Tonee Harbert

Ground Signals

February 15 - March 30, 2019

About the Exhibition

In the words of the late photographer, curator, writer, and educator Nathan Lyons: “Photography is when used with its regard for inherent directness, a unique and exacting means of isolating inner realities found in correspondence with the physical world.”

Tonee Harbert: Ground Signals featured a body of work concerning humans’ interaction with the landscape and examined visually the way we manipulate it to our own use. Harbert states; “Any purpose we impose on the landscape leaves a mark which can be overt, or faintly shows a past narrative. These signs/signals inhabit our everyday world, where they can take on the surreal quality of a dream world. This work is not an expose on humans’ misuse of the landscape, but more a reflection on our environment and our relationship to it. My intention is to leave space in the photographs.”

About the Artist 

Tonee Harbert is a photographer living in Portland, Maine. His frequent subjects have been people and the landscape of Maine. For his current fine art work he uses a plastic “Diana” camera to capture mysterious and haunting landscapes, and surreal interventions of the human touch on our world.

Harbert has received grants from Nikon, the Maine Arts Commission, and the Maine Community Foundation. He co-authored with Carolyn Chute, a book entitled Elmer Walker: Hermit to Hero. This project was exhibited at the Center or Maine Contemporary Art and also featured on CBS Sunday Morning. Harbert has contributed to other photography books, including Maine: A Peopled Landscape, and Homeless in America.
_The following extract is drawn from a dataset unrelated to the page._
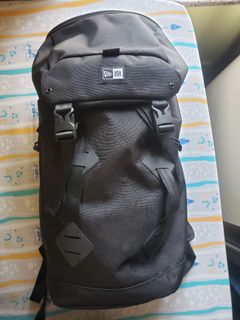 （分類：）位於 。 由 t08697t08697 提交（商品編號 1066028968，圖片 1）。簡介： 。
Harbert's photographs have been exhibited at the Corcoran Gallery of Art, Portland Museum of Art, Farnsworth Art Museum, Danforth Museum of Art, University of Miami, ICA at Maine College of Art, and the Center for Maine Contemporary Art. He was granted a one-year artist residency at the Roswell Artist in Residence Project beginning in June 2019. He’s been awarded a New England Emmy award and his work has also been included in two motion pictures: Home Less Home (independent) and Message in a Bottle (Warner Brothers). Harbert received a degree in Visual Communication from Ohio University in 1986.

Harbert’s current work is concerning humans’ interaction with the landscape. Any purpose we impose on the landscape leaves a mark which can be overt, or faintly reveals a past narrative. These signs inhabit our visual world, and when taken together, can transmit the surreal feel of a dream being pieced together.